=== TASK MATERIAL ===
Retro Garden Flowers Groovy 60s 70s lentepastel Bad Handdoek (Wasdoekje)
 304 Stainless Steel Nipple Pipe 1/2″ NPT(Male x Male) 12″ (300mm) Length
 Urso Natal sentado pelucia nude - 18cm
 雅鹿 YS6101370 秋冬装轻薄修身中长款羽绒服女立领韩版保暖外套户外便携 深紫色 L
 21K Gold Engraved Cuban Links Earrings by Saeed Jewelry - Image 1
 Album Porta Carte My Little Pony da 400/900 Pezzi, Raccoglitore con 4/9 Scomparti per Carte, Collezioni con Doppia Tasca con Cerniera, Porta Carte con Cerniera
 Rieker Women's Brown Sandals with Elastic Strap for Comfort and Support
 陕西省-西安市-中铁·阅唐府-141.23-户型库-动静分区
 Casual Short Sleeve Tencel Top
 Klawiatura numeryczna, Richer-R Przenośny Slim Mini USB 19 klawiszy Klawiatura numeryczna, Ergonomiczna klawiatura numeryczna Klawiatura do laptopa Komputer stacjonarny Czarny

=== WORK TASK ===
Please print exactly the lines from the one containing "陕西省-西安市-中铁·阅唐府-141.23-户型库-动静分区" through the last line of the material.

=== EXERCISE SOLUTION ===
 陕西省-西安市-中铁·阅唐府-141.23-户型库-动静分区
 Casual Short Sleeve Tencel Top
 Klawiatura numeryczna, Richer-R Przenośny Slim Mini USB 19 klawiszy Klawiatura numeryczna, Ergonomiczna klawiatura numeryczna Klawiatura do laptopa Komputer stacjonarny Czarny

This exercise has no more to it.